MATERIAL PROVIDED —

########

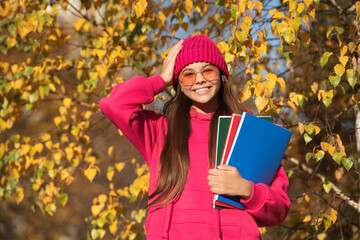 september 1. teen girl with school homework. teen girl enjoy fall outdoor. back to school. school...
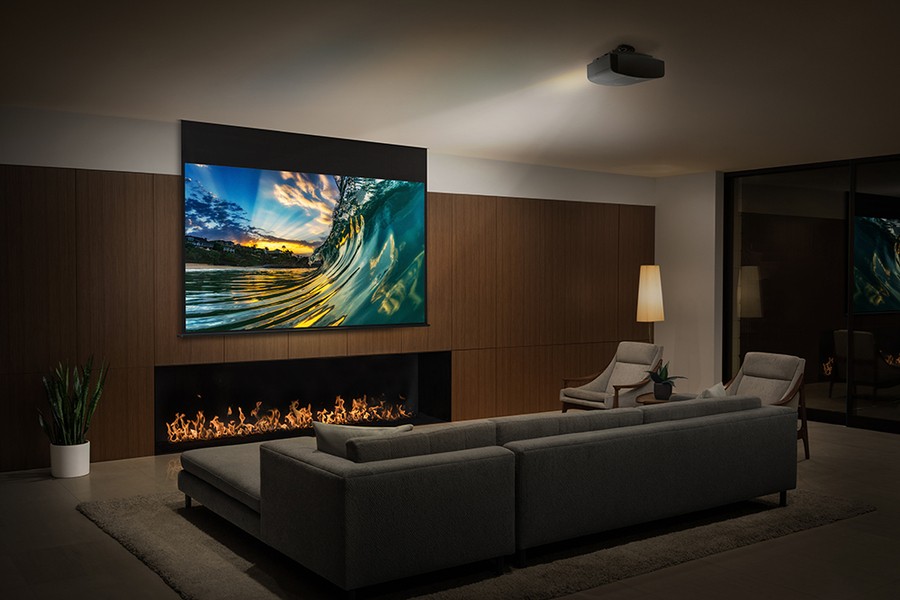 A modern media room features a large projector screen displaying a vibrant ocean wave scene, with comfortable seating including a sectional sofa and armchairs
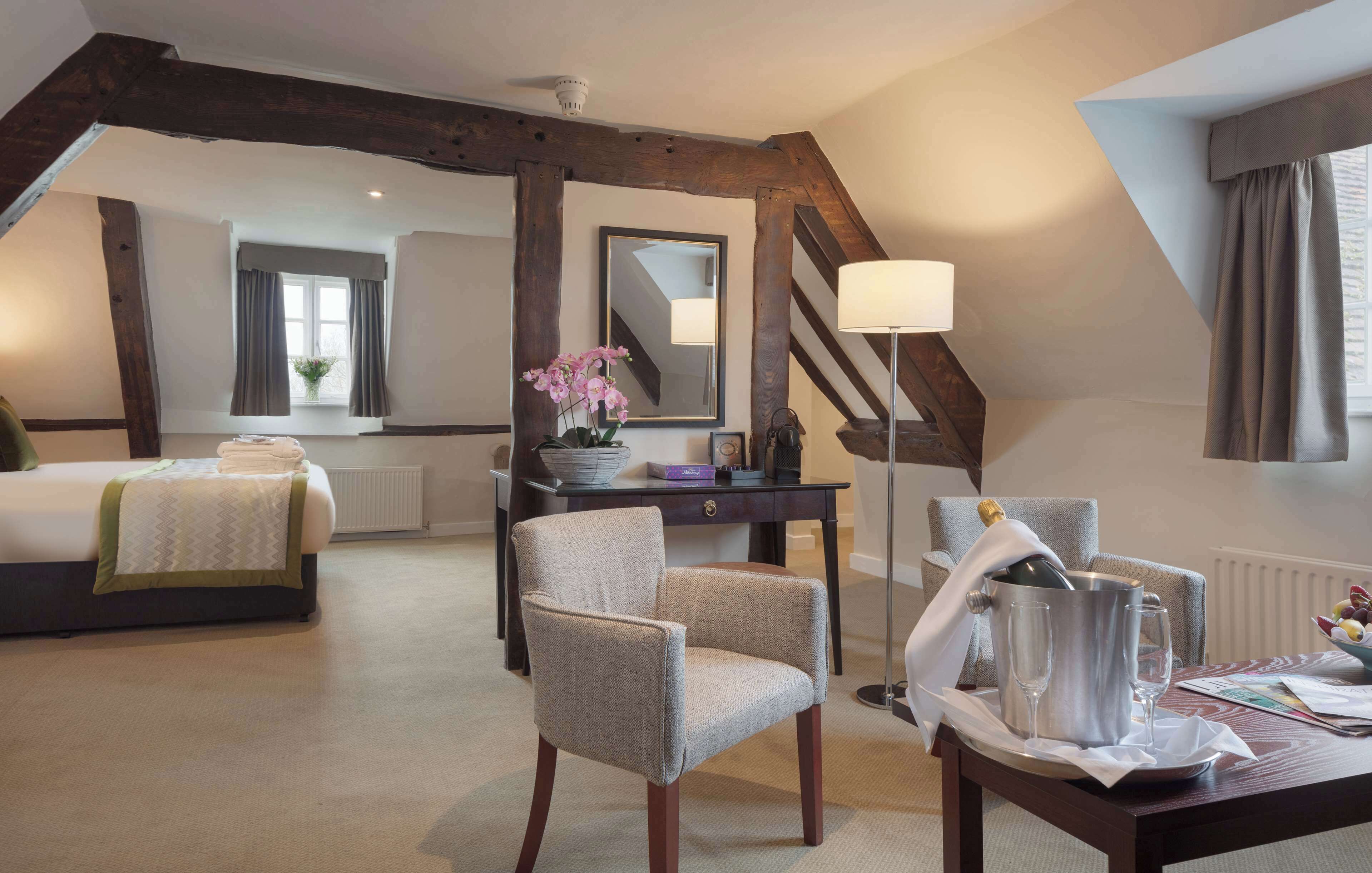 Une chambre d’hôtel avec un lit, un bureau avec une lampe, une chaise et une table sur laquelle se trouvent une bouteille et des verres.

########

AIM OF THE EXERCISE —
The expected output is an exact retyping of the lines from the line with "A modern media" through the last line of the data, with both ends kept and the pictures dropped.

ANSWER BOX —
 A modern media room features a large projector screen displaying a vibrant ocean wave scene, with comfortable seating including a sectional sofa and armchairs
 Une chambre d’hôtel avec un lit, un bureau avec une lampe, une chaise et une table sur laquelle se trouvent une bouteille et des verres.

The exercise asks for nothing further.